Example: Node No. 1 (Column size = 300 × 750 mm)

Maximum axial load = 1901.323 kN

No. of piles required ≈ 1.52 → Adopt 3 piles

Combined Node Example: Nodes 14 & 15 (300 × 600 mm)

Maximum Axial Load on Node 15 = 1920.57 kN

Adopt 2 piles per node (common pile cap)

Combined Node: Nodes 64 & 83

Maximum Axial Load on Node 64 = 2307.87 kN

Adopt 3 piles

Combined Node: Nodes 5 & 10

Maximum Axial Load on Node 5 = 2586.53 kN

Adopt 3 piles

Pile Cap Arrangement – Combined Nodes

TESTING OF PILE

INTRODUCTION

Construction of pile foundations requires a careful choice of piling system depending upon the subsoil conditions, load characteristics of the structure and limitations of total and differential settlement.

Installation of piles demands strict control of position, alignment and depth and involves specialised skill and experience. Hence testing of piles becomes necessary.

Testing of piles is generally carried out for following reasons:

• To obtain back-calculated soil parameters for design of other piles.
• To confirm pile lengths and hence contract costs.
• To counter-check results from geotechnical and pile driving formulae.
• To determine load–settlement behaviour for group settlement prediction.
• To verify structural soundness of piles.

PILE LOAD TEST

Pile load test is intended to validate computed capacity of pile foundation and also to provide information for improving design rational.

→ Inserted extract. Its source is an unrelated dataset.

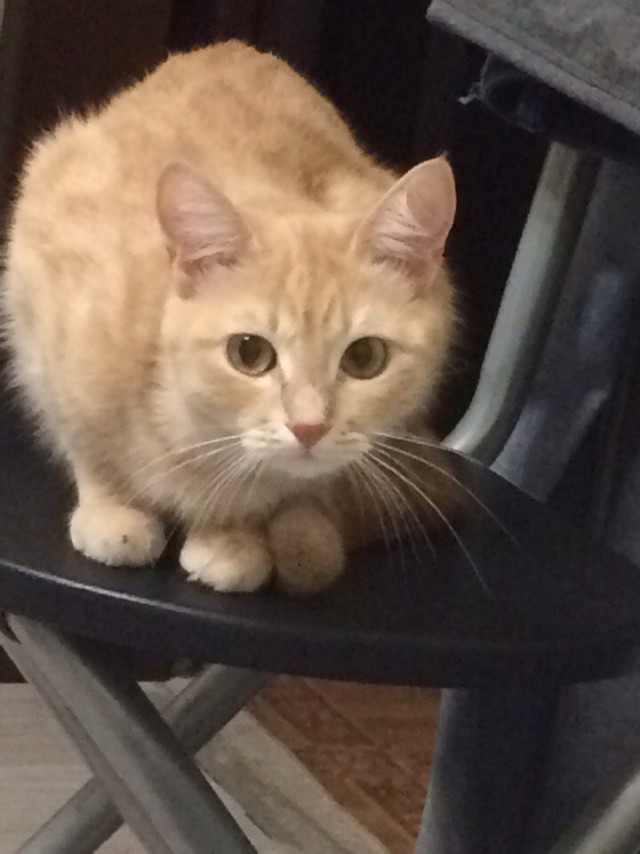 Коты и Кошки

Test to pile failure should preferably be conducted instead of testing only up to specified termination load.

Pile load testing is carried out as per IS 2911 (Part 4).

Information required before pile testing:

• Pile type, material and reinforcement details.
• Method of driving with driving records.
• Pile depth and cross-section details.
• Type of test proposed.
• Layout of pile group.
• Water table depth and soil strata details with test results.
• Safe and ultimate load capacity.